Il Giappone, i Convenience Store e il tifone

Giappone, Mondiale femminile 2018, SOFTBALL

In Giappone buona parte della giornata di chi lavora ruota attorno ai Convenience Store. Sono quei negozi, impostati come lo statunitense 7/11 (seven eleven), dove si trova sostanzialmente quello che potrebbe servire ad arrivare in fondo alla giornata. Al limite, ad aiutarci a passare una notte fuori.

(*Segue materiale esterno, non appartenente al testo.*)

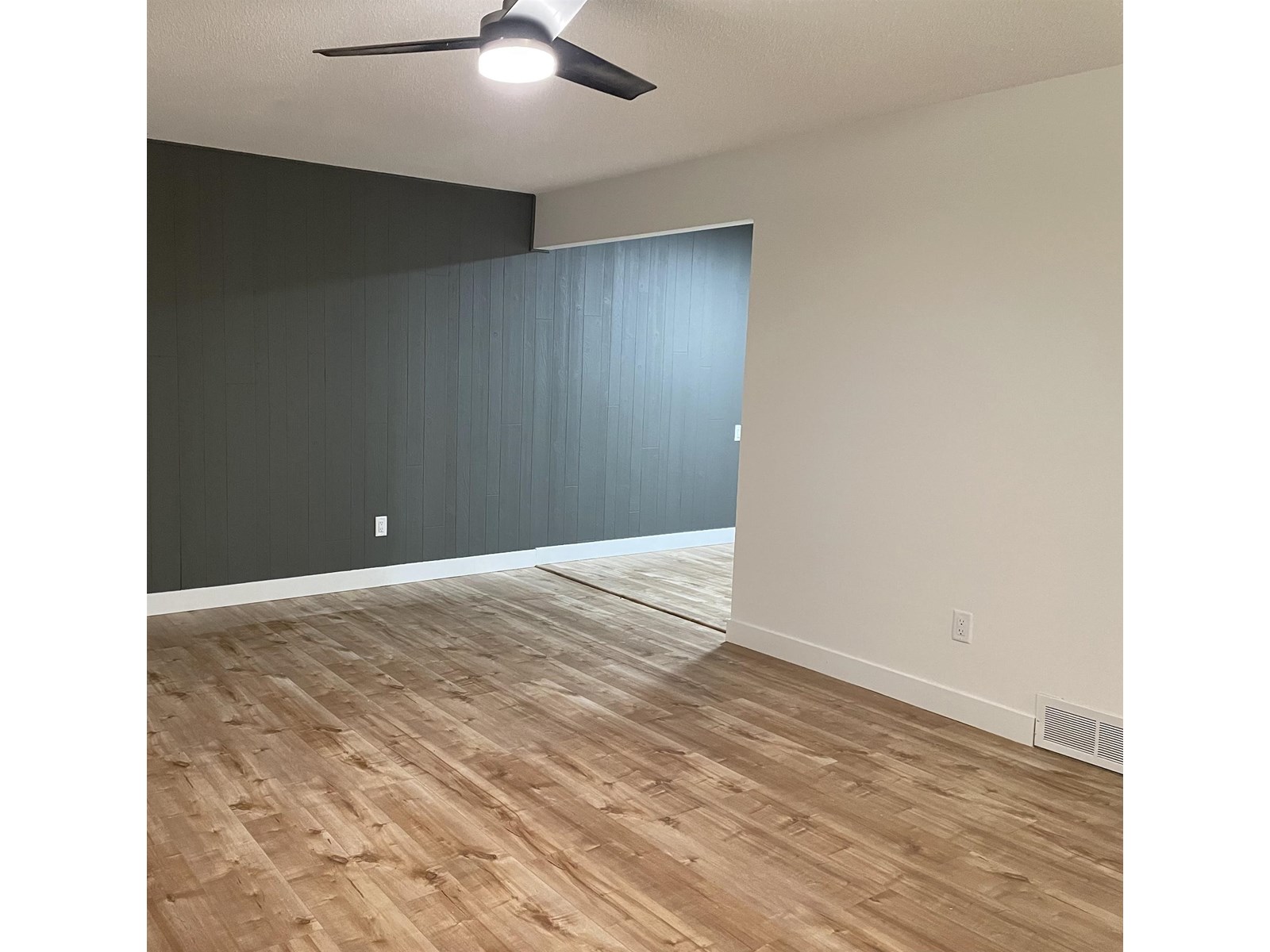 7595 143 Street, Surrey, British Columbia  V3W 5P2 - Photo 9 - R3013507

I Giapponesi si esprimono con una cantilena. Non che io capisca quello che dicono, però è evidente che il tono con cui cantano contribuisce al significato di quello che dicono.
Sayaka Murata, nata proprio qui a Chiba nel 1979, ha scritto un romanzo che nella versione Inglese si intitola Convenience Store Woman. In Giappone è stato pubblicato nel 2016 e ha venduto oltre 600.000 copie. Il libro è appena stato tradotto in Inglese ed è stato accolto in Gran Bretagna come un caso editoriale.
Il personaggio principale del libro è Keiko Furukura, che da studentessa ha iniziato a lavorare in uno di questi negozi e, oltre 10 anni dopo, è ancora lì. La descrizione del lavoro in un convenience store è semplicemente formidabile.

convenience store woman
La copertina del libro di Sayaka Murata

Ci pensavo mentre vagavo tra gli scaffali di seven eleven alla ricerca di schiuma da barba. Perchè lo splendido ragionamento che ho fatto (“ne porto una confezione già iniziata, così la finisco”) è stato in parte corretto (l’ho finita), ma il tempismo non è stato impeccabile (l’ho già finita). Comunque, c’era tutto: il cicalino quando si apre la porta ed entra un nuovo cliente, il rituale con cui i commessi comunicano (credo che annuncino “c’è un cliente” e anche “il cliente ha pagato e si leva di torno”). Ma la parte del lavoro di commessa in un convenience store che a Sayaka Murata (o al suo alter ego; la scrittrice lavora tutt’ora part time in un negozio di Tokyo) piace di più è l’attività di controllo sui prodotti freschi. Quali vengono acquistati di più, e quindi vanno riordinati al più presto quello stesso giorno.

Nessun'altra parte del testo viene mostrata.